Hens “lucky” enough to remain in their cages hover between life and death, their lungs infected and eyes plastered shut with keratoconjunctivitis lesions from living their whole lives in the ammonia fumes that sickened investigators in a few minutes.
“A hen’s head and wing were trapped under the cage’s front wall. One of her legs was stretched out and would not move or bend. She had a gash on her right side, leaving the skin split open and mostly yellow inside. A gash on her left side was red from fresh blood with a layer of dust partially covering the wound,” writes the investigator in his diary.
“Another live hen, also trapped under her cage’s front wall, had the side of her face on a moving egg belt. I saw that the side of her face, including her eye, was encrusted in what appeared to be egg yolk and dust.”
After the raid which was covered by the Associated Press, state and local officials, Quality’s customer/distributors and the grocery stores involved all professed ignorance of the conditions.
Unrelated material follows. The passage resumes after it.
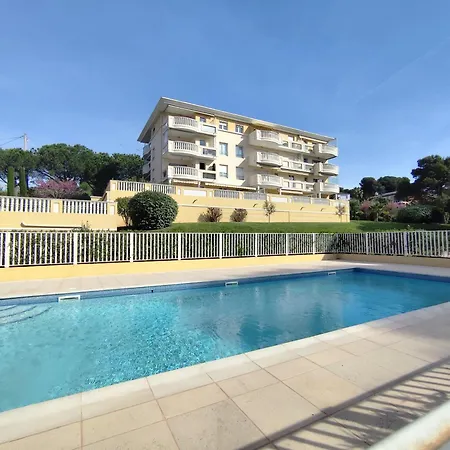 Elegant Two-bedroom With Private Pool And Parking *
Right.
Quality Egg Compliance Manager Bob Leclerc noted that Quality adheres to United Egg Producer guidelines — which permit battery cages — and said that none of the incidents were brought to “the attention of management before.”
Maybe he hadn’t yet watched the Mercy For Animals video which shows the investigator pointing out abuse — repeatedly — to other workers and supervisors including to Jay DeCoster, the son of Jack DeCoster. (An employee who was told there were live hens in trash cans he was emptying says, “It don’t matter.”)
A week after the raid — and before expected animal cruelty charges — Leclerc cleaned up the six feet deep manure piles and dying hens at Quality Egg and let the press in.
But it was a little late says Mercy For Animals executive director Nathan Runkle.
The egg industry tries to pretend it’s a few “bad employees” when it’s exposed says Runkle. But in reality the abuse videotaped depicts “standard handling and killing practices used on egg farms across the country. It is systemic, widespread and endemic to caged egg operations.”